Le livre énonce plusieurs obstacles (la méconnaissance et le refus d’admettre la crise, l’inertie et la paresse à agir ou la résignation qui pousse au renoncement, le cloisonnement intellectuel qui conduit à des solutions partielles insatisfaisantes) et plusieurs dangers, comme des fausses routes sur lesquelles l’humanité s’est égarée. Cette partie est très intéressante car l’auteur prend soin de les détailler, même s’il est dommage que sa pensée ne soit pas davantage mise en perspective des philosophies et religions non-occidentales, qui portent un regard original sur ces questions :

- Dualisme : la séparation du corps et de l’âme a conduit à une dissociation de la vie matérielle et spirituelle et a dégradé la valeur du non-humain, rejeté dans les limbes d’une philosophie mécaniste. L’auteur insiste sur la dignité et la grâce de toutes les choses créées (les animaux, les plantes, etc.), qui est affirmée dans la Bible. L’homme, même si sa place est singulière, est une créature parmi les créatures et toutes doivent être respectées pour elles-mêmes, et non asservies à un utilitarisme économique et consumériste. La Bible a une dimension cosmique, que nous avons oubliée.

- Panthéisme : à l’opposé du dualisme, le panthéisme proclame que tout est divin. Néanmoins, cette conception, même si elle a la vertu de rétablir le monde en sa dignité, commet l’erreur de nier la transcendance en la confondant avec l’immanence, de confondre la Créateur et les créatures. Or, pour l’auteur, Dieu est plus vaste que le monde, et l’homme – qui dispose de la liberté - tient lieu de médiateur pour faire s’épanouir la Création à travers laquelle Dieu se manifeste. L’auteur, pour qui le panthéisme masque l’importance cruciale de l’homme au sein de la création, et le rôle moteur de la liberté humaine, semble parfois rejoindre la thèse de Teilhard de Chardin sur la spiritualisation ascendante du cosmos et de l’homme en chemin vers Dieu.
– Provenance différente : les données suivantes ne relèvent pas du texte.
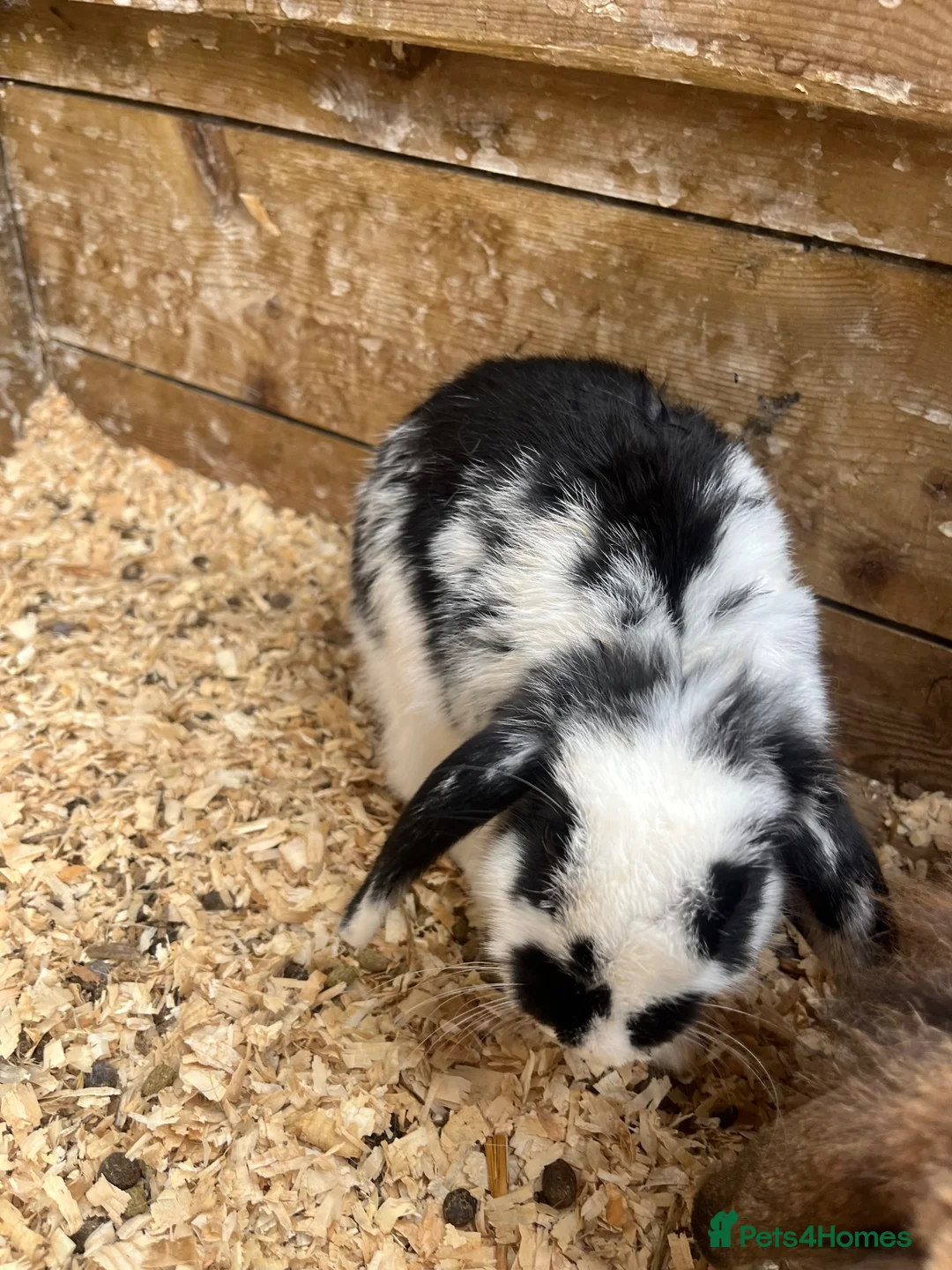 Mini Lop rabbits for sale: Mini Lop Girl Rabbit - Advert 1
- Transhumanisme : le rêve de pouvoir briser les limites de l’humanité par la technologie et par l'ingénierie génétique, de peut-être pouvoir accéder à l’immortalité, ressemble à une tentative de sécularisation de l'aspiration des croyants en la vie éternelle. C’est une conception vaine qui, en tentant d’effacer notre nature de créature mortelle, nie notre ontologie.

- Antispécisme : la négation de la différence entre l’homme et le règne animal, dont l’homme est certes issu, aboutit à une négation de la spiritualité et à une dégradation de la dignité humaine. L’homme est davantage qu’un animal, car il dispose de la raison et de la liberté. Il lui incombe d’en faire usage pour poursuivre et épanouir les potentialités de la création.

En réponse à ces obstacles et dangers, l’auteur propose de redécouvrir le message du Christ, qui nous montra l'exemple parfait d’une écologie intégrale incarnée par un amour universel fait chair envers les hommes et le cosmos. Etienne Grenet promeut notamment la pensée cosmique, c’est-à-dire la nécessité de renouer avec la métaphysique et de nous penser en lien permanent avec les êtres et les choses (il cite l'exemple des Rogations, tombées en désuétude car considérées comme archaïques, mais qui symbolisaient un lien entre l'Eglise et la Terre) et la pauvreté évangélique, c’est-à-dire non la pauvreté matérielle mais le détachement aux choses matérielles. L'auteur souligne avec insistance les méfaits du capitalisme et de la finance, condamne l'accumulation cupide de richesses et la course à l'abondance matérielle, qui nous détourne des vraies valeurs. Citant les Evangiles, il rappelle que « il sera plus dur pour un riche d’entrer au Paradis que pour un chameau de passer par le chas d’une aiguille » parce que la richesse expose à toutes les tentations et éloigne du Bien.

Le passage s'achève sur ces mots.